Biz son zamanlarda, seçilmiş vakalarda, uzatma sonrası uzunluğu ve “alignment’ı” korumak amacı ile unilateral dinamik aksiyel fiksatör ve kilitli intramedüller çivi kombinasyonunu tercih etmekteyiz. Bu yöntemin ön şartları medullanın en dar çapının 7 mm.’den geniş olması ve uzatma sonrası distalde en az 8 cm. uzunluğunda çivi kalabilmesidir. İntramedüller çivi hem uzatma esnasında femurun üzerine gelen makaslama ve bükülme kuvvetlerini nötralize etmekte hem eksternal fiksasyon süresini kısaltmakta, hem de yeni oluşan kemiği kırıklara karşı korumaktadır. Serimizde bir vakada subtrokanterik femoral osteotomi yapılmıştır. İntramedüller çiviye rağmen varus angulasyonu oluşması yönünde bir dezavantaj tespit etmedik.
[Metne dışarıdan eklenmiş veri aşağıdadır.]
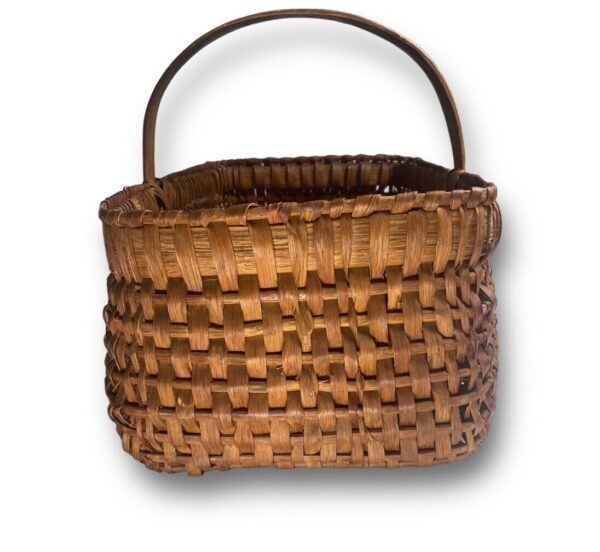 Americana Split Oak Gathering Farmhouse Woven Butt Buttocks Basket Antique Folk - Image 4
İlizarov, distraksiyon osteogenezisi için endosteal kan dolaşımının önemini vurgulamıştır. Biz tüm vakalarımızda femuru oyarak intramedüller çiviyi çaktık; buna rağmen hiçbir vakada kallus oluşma süresi tahminimizden daha uzun olmadı. Bu yüzden medüller dolaşımın bozulmasına bağlı yeni kemik oluşma hızında bir yavaşlama olmadığını düşünüyoruz. Oyma sonrası meydana gelen revaskülarizasyon, intramedüller çivili fiksasyon stabilitesi ve erken fonksiyonel yüklenme bu gerçeğin temelini oluşturmaktadır. Eksternal ve internal fiksasyon yöntemlerinin kombine kullanımının potansiyel dezavantajları kan kaybının artması, intramedüller infeksiyon, yağ embolisi olasılığı ve aşırı metal yüküdür. Bunların içinde en çok korkulan problem bir çivi dibi infeksiyonun tetikleyeceği derin intramedüller infeksiyondur (panosteomyelit). Bizim serimizde bu yönde hiçbir komplikasyon gelişmemiştir. Bu olası komplikasyonun önlenmesi amacı ile uzatma sonundaki kilitleme medialden yapılmalıdır; ayrıca intramedüller çivi ve eksternal fiksasyon pinlerinin teması önlenmelidir.

Çocuklarda intramedüller çivi üzerinden uzatmanın bir diğer komplikasyonu olarak çivinin giriş yeri nedeni ile büyük trokanter apofizinin zedelenmesi ve sekonder koksa valga deformitesinin gelişmesi gösterilmektedir. Serimizdeki vakaların biri hariç tümü iskelet matüritesine erişmişlerdir. Oniki yaşında olan bir hastamızda son kontrolde koksa valga deformitesi saptanmamıştır. Vaka, halen takip edilmektedir.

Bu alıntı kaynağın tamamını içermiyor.